● **PROBLEM TO SOLVE**: Transcribe all the records with complete accuracy.

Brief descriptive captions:
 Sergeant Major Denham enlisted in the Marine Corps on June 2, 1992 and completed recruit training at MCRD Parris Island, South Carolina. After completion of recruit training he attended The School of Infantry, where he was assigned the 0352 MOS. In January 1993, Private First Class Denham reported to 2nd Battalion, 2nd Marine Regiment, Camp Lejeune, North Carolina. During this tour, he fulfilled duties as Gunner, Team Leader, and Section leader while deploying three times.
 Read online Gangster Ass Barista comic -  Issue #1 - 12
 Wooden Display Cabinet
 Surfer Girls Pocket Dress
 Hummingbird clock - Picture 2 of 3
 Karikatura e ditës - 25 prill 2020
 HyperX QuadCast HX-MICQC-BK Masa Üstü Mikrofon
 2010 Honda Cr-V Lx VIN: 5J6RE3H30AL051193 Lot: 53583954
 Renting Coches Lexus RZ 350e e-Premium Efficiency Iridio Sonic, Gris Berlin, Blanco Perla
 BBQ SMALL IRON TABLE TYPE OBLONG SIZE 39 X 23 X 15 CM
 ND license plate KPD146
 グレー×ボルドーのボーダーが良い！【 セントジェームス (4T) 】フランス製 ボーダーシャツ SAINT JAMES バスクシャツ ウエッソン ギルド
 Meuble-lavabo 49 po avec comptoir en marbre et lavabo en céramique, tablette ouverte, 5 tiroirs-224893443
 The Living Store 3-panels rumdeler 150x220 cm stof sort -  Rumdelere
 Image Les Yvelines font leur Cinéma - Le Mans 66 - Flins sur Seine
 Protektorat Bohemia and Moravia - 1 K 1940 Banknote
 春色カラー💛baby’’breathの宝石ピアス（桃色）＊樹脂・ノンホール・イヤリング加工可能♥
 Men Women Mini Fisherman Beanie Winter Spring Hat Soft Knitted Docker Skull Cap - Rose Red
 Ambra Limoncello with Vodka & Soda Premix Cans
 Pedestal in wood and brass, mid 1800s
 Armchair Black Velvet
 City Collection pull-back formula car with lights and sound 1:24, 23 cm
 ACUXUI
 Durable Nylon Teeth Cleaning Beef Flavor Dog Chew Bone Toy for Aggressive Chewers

● **YOUR RESPONSE**:
 Sergeant Major Denham enlisted in the Marine Corps on June 2, 1992 and completed recruit training at MCRD Parris Island, South Carolina. After completion of recruit training he attended The School of Infantry, where he was assigned the 0352 MOS. In January 1993, Private First Class Denham reported to 2nd Battalion, 2nd Marine Regiment, Camp Lejeune, North Carolina. During this tour, he fulfilled duties as Gunner, Team Leader, and Section leader while deploying three times.
 Read online Gangster Ass Barista comic -  Issue #1 - 12
 Wooden Display Cabinet
 Surfer Girls Pocket Dress
 Hummingbird clock - Picture 2 of 3
 Karikatura e ditës - 25 prill 2020
 HyperX QuadCast HX-MICQC-BK Masa Üstü Mikrofon
 2010 Honda Cr-V Lx VIN: 5J6RE3H30AL051193 Lot: 53583954
 Renting Coches Lexus RZ 350e e-Premium Efficiency Iridio Sonic, Gris Berlin, Blanco Perla
 BBQ SMALL IRON TABLE TYPE OBLONG SIZE 39 X 23 X 15 CM
 ND license plate KPD146
 グレー×ボルドーのボーダーが良い！【 セントジェームス (4T) 】フランス製 ボーダーシャツ SAINT JAMES バスクシャツ ウエッソン ギルド
 Meuble-lavabo 49 po avec comptoir en marbre et lavabo en céramique, tablette ouverte, 5 tiroirs-224893443
 The Living Store 3-panels rumdeler 150x220 cm stof sort -  Rumdelere
 Image Les Yvelines font leur Cinéma - Le Mans 66 - Flins sur Seine
 Protektorat Bohemia and Moravia - 1 K 1940 Banknote
 春色カラー💛baby’’breathの宝石ピアス（桃色）＊樹脂・ノンホール・イヤリング加工可能♥
 Men Women Mini Fisherman Beanie Winter Spring Hat Soft Knitted Docker Skull Cap - Rose Red
 Ambra Limoncello with Vodka & Soda Premix Cans
 Pedestal in wood and brass, mid 1800s
 Armchair Black Velvet
 City Collection pull-back formula car with lights and sound 1:24, 23 cm
 ACUXUI
 Durable Nylon Teeth Cleaning Beef Flavor Dog Chew Bone Toy for Aggressive Chewers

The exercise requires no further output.